─── RAW DATA

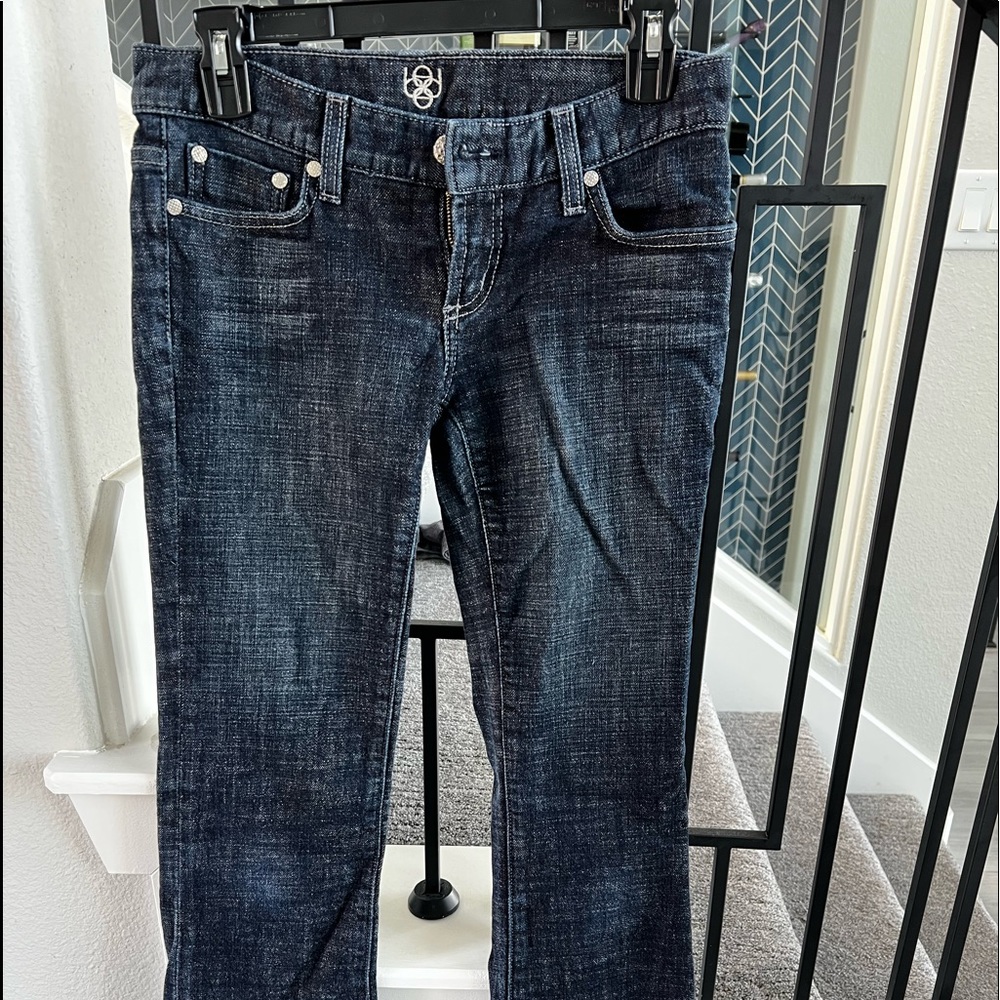 Bebe low rise bootcut jeans in size 27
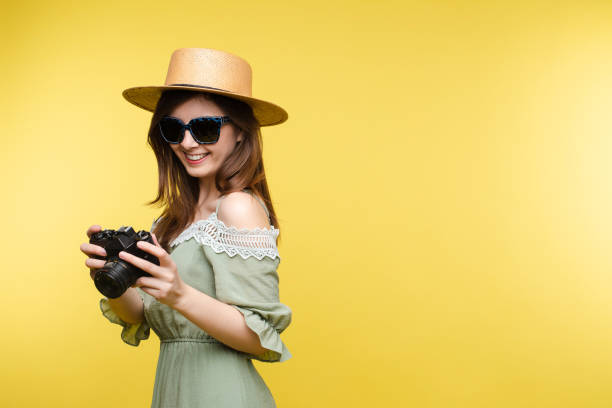 istock Young girl in straw hat and glasses keeping camera 1401239433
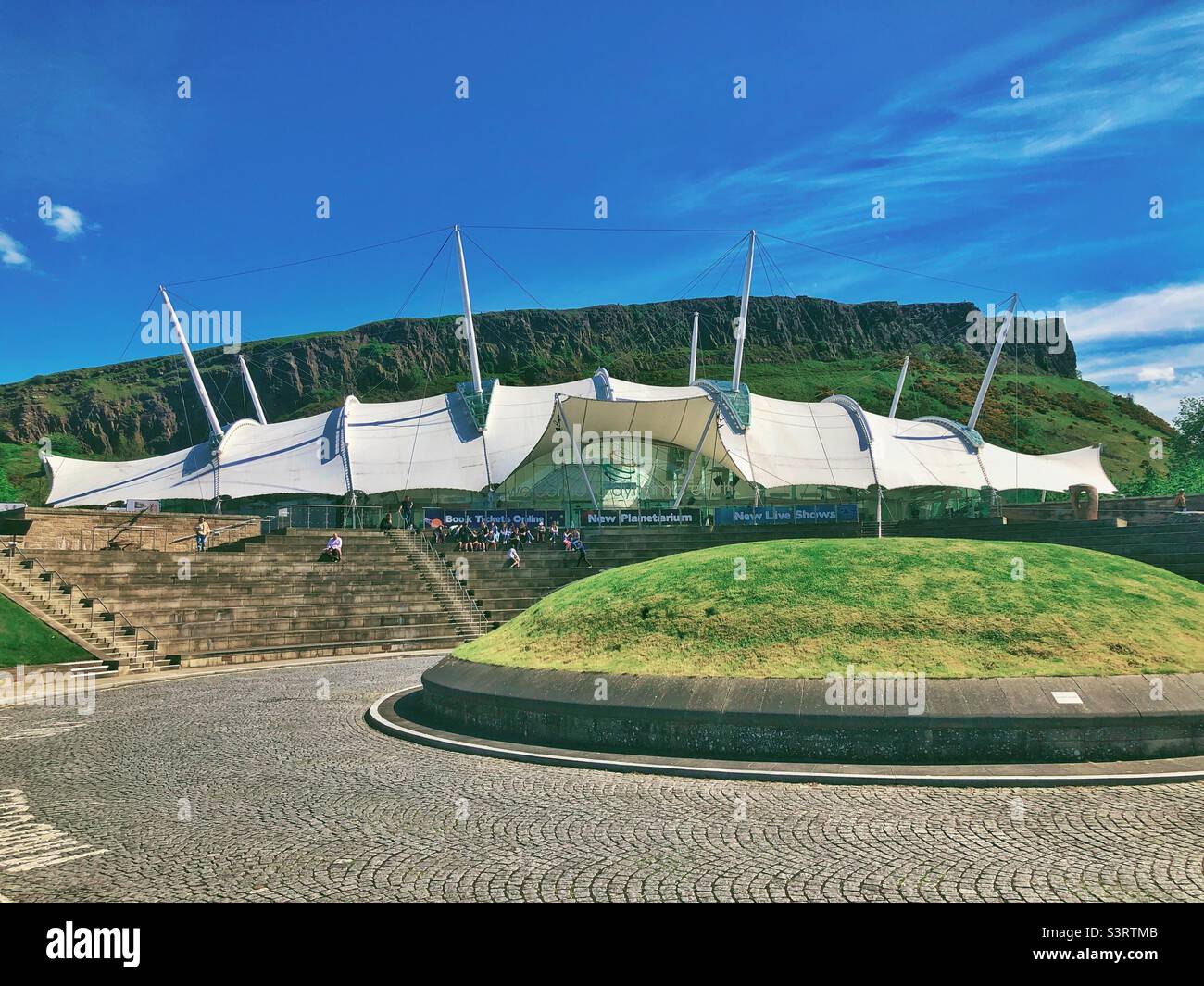 Dynamic Earth, Edimburgo, Scozia in una giornata di sole. Attrazione per famiglie all'avanguardia che porta i visitatori attraverso la storia dal Big Bang ai giorni nostri. Salisbury Crags sullo sfondo. Foto Stock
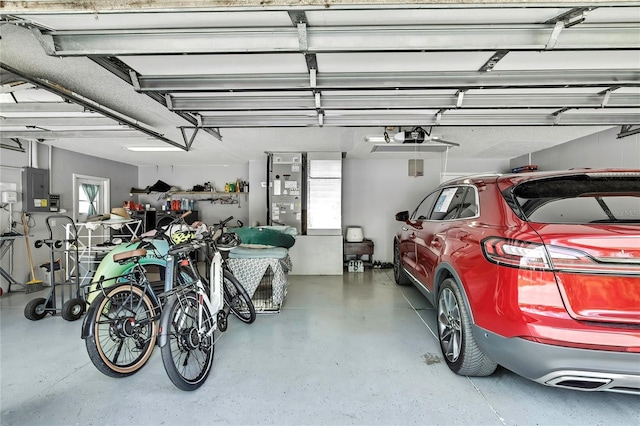 10721 N Ocean Dr, Dunnellon, FL 34434 - garage with electric panel and a garage door opener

──────

__AIM OF THE TASK__
Make an exact copy of the lines from the top of the material through the line with "istock Young girl", pictures excluded.

__ANSWER BELOW__
 Bebe low rise bootcut jeans in size 27
 istock Young girl in straw hat and glasses keeping camera 1401239433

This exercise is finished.